Monday, 26 November 2012

Who watches what you type?

The IET magazine says that computer vision scientists at the University of North Carolina have revealed a way to compromise smartphone security. They have an effective way to snoop on every word typed on a person’s smartphone screen.
They were able to snoop on a phone from anything up to 60m away, and were able to reconstruct a message typed on the screen from video footage. The scientists said that “We found it was possible to automatically recover typed text, from reasonable distances, even using low-budget equipment,”
The project, dubbed iSpy, relies on the virtual keyboard that smartphones like the iPhone employ which pops-up each letter at a larger scale as you select it. They were able to capture images using an off-the-shelf video camera, stabilise the images and then analyse them.  At a distance it is not easy to work out which one of adjacent letters had been typed. To enable recognition iSpy fed the image data into a program that uses language models to calculate probable meaning depending on context, resulting in 90 per cent accuracy.

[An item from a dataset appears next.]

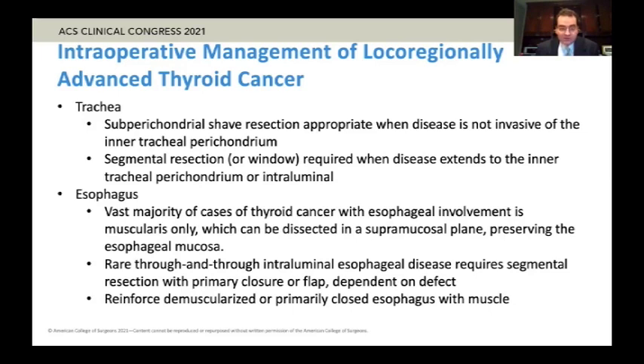Even in cases where you just resect muscularis alone, in my opinion you need to rotate some sort of muscle over that area to provide extra protection for the esophagus, especially in cases where you're also doing significant tracheal work. The easiest muscle to rotate into that area is often the sternal hyoid muscle, or you can take the sternal head of the sternocleidomastoid and rotate it into the tracheoesophageal groove, resting it over the esophagus and trachea. Those are a few points about intraoperative management of local regionally advanced thyroid cancer.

One of the scientists, Fabian Monrose, said iSpy was able to recover passwords remarkably easily, even though it relied on contextual information to help it. Users must have been choosing simpler words and ideas as passwords - instead of random strings of characters.

Perhaps people should be thinking about protecting themselves better by using systems like two-layer authentication. This system protects your account by requiring a second password in the form of a numeric code sent to your mobile phone when you login.